Install CADP (academic licence, free):

# Register at cadp.inria.fr for academic/research licence
# Download for Linux x86-64:
wget https://cadp.inria.fr/distrib/CADP.linux-64.x86_64.tgz
tar xzf CADP.linux-64.x86_64.tgz
source $CADP/com/cadp_env   # sets PATH, CADP_PATH

# Verify installation
caesar.adt --version
evaluator4 --help

Basic LNT verification pipeline:

# 1. Write your LNT specification: mutex.lnt
# 2. Compile to BCG
caesar.adt mutex.lnt 2>&1    # compile data types
caesar -open mutex.lnt       # compile processes to BCG

# 3. Verify μ-calculus property
evaluator4 -diag mutex.bcg \
  '[ true* . "critical_section_0" . true* . "critical_section_1" ] false'
# Property: "there is no path where process 0 and process 1 are simultaneously in critical section"
# (expressed as: the sequence critical_section_0 followed by critical_section_1 is unreachable)

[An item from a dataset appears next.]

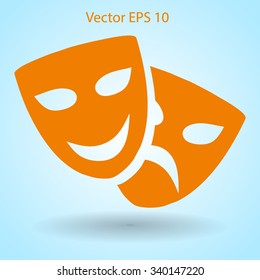 Theatrical masks laughter and crying vector illustration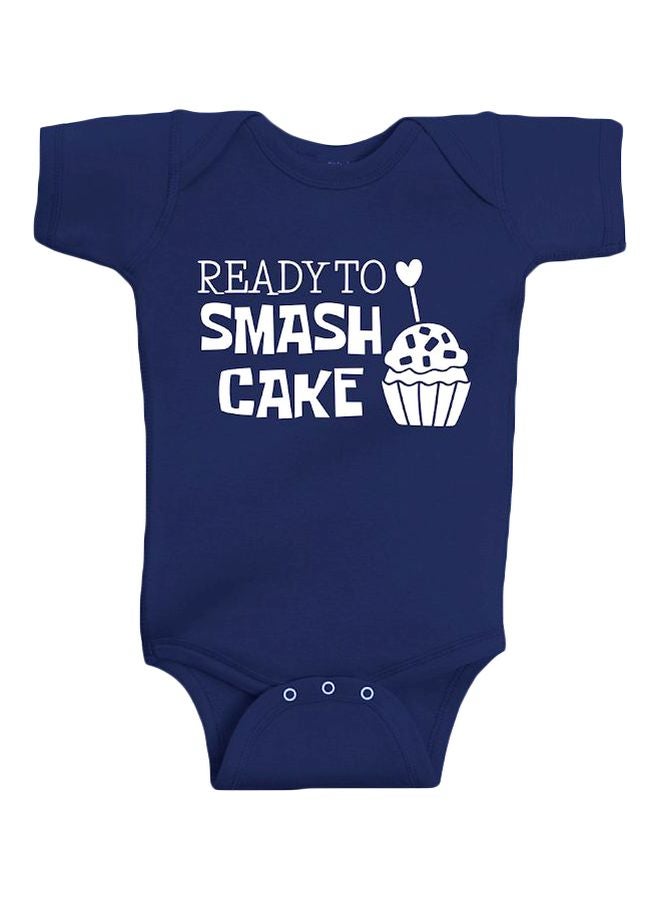 Twinkle Hands Ready To Smash Cake Printed Onesie Navy/White  - Image 1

# 4. Check bisimulation equivalence between spec and implementation
bisimulator -strong spec.bcg impl.bcg

# 5. Minimise state space
reductor -branching mutex.bcg mutex_min.bcg
bcg_info mutex_min.bcg   # print minimised LTS statistics

Dockerfile for CI verification:

# Dockerfile: CADP verification in CI pipeline
FROM debian:12-slim

# Install dependencies
RUN apt-get update && apt-get install -y \
    wget curl tar gcc make \
    && rm -rf /var/lib/apt/lists/*

# Copy CADP (pre-downloaded to avoid CI download of licence-protected binary)
COPY cadp/ /opt/cadp/
ENV CADP=/opt/cadp
ENV PATH="$CADP/bin:$PATH"

WORKDIR /workspace
COPY specs/ ./specs/
COPY properties/ ./properties/

# Run verification pipeline
RUN for spec in specs/*.lnt; do \
      name=$(basename $spec .lnt); \
      caesar.adt $spec && \
      caesar -open $spec && \
      for prop in properties/${name}*.mcl; do \
        echo "Checking $prop against $name.bcg..." && \
        evaluator4 -diag ${name}.bcg "$(<$prop)" || \
        (echo "PROPERTY VIOLATION: $prop" && exit 1); \
      done; \
    done
CMD ["echo", "All properties verified"]

SVL (Specification and Verification Language) automation:

% mutex.svl — CADP SVL verification script

% compile specification
"mutex.bcg" = caesar.open "mutex.lnt";

% minimise by branching bisimulation (keeps observable behaviour)
"mutex_min.bcg" = branching minimisation of "mutex.bcg";

% verify mutual exclusion (safety property)
property MUTUAL_EXCLUSION of "mutex_min.bcg"
is
  "No two processes simultaneously in critical section"
  is
  [ true* . 'critical_section_0' . true* . 'critical_section_1' ] false
end property

% verify starvation-freedom (liveness property — LTL fragment in mu-calculus)
property STARVATION_FREE of "mutex_min.bcg"
is
  "Every process that tries eventually enters critical section"
  is
  nu X . ([true]X and [true]<true>true)
  -- (simplified — full starvation-freedom requires fair path quantification)
end property

sota.io free tier (512 MB RAM, 0.5 vCPU) handles CADP verification of small to medium protocol models (≤ 10^6 states, ≤ 10 MB BCG files). Industrial-scale CADP workloads — Airbus AFDX models with millions of states — benefit from the Standard tier (€9/month, 2 GB RAM) or using DISTRIBUTOR across multiple Standard instances.